Likely, not all parties find these ideals to be universal nor the rules that flow from these ideals binding. If the U.N. as it’s functioning today is an example, then clearly there’s a design problem. It’s ineffective and cumbersome, stagnant, comically bureaucratic and increasingly guided by interests that have run the reasonable self-interest of stronger partners out of it.
One of her solutions:
‘We must also overhaul the global financial institutions so that they address the problems of a 21st-century economy rather than those of one from the 1930s. That, in a nutshell, means finding ways to make globalization work for everyone.’
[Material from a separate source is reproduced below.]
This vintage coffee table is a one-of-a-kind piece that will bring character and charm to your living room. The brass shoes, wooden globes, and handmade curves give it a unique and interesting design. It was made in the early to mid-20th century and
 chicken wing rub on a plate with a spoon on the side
This line of thinking reminds me of the E.U, but on a broader scale: great on paper and good work for the bureaucrats, but likely heading for failure.
It’s arguable that very little could be done in Syria, as Assad’s regime was becoming ever more brutal and paranoid, working against demographic trends and many of his people. It’s also arguable that we’ve lost important leverage waiting for entities like the U.N. to declare…something. Clearly, our eggs should not all be in this basket.
On the liberal internationalist view, Libya was a triumph: a desirable outcome with minimalized and shared risk with Europe (France and Britain especially) and an appeal to other partners to secure our interests. The U.S. committed itself and funded a large portion of the “kinetic military action” which allowed a long troublesome, brutal and deluded dictator funding terrorists to be disposed of as strategically as could be hoped for (it remains to be seen how Libya will play out).
Iraq, on the other hand, was generally a failure because the long troublesome, repressive dictator was disposed of by an aggressive use of military force, higher loss of American and Iraqi life, and a flaunting of rules that would have bound other interests and which resulted in a potential morally weakened for America abroad. This has emboldened our enemies and undermined our credibility.
I assume this is still up for debate.
Democracy, as most interests in the West envision it, really doesn’t seem to be forthcoming throughout the Middle East (except for Israel, of course).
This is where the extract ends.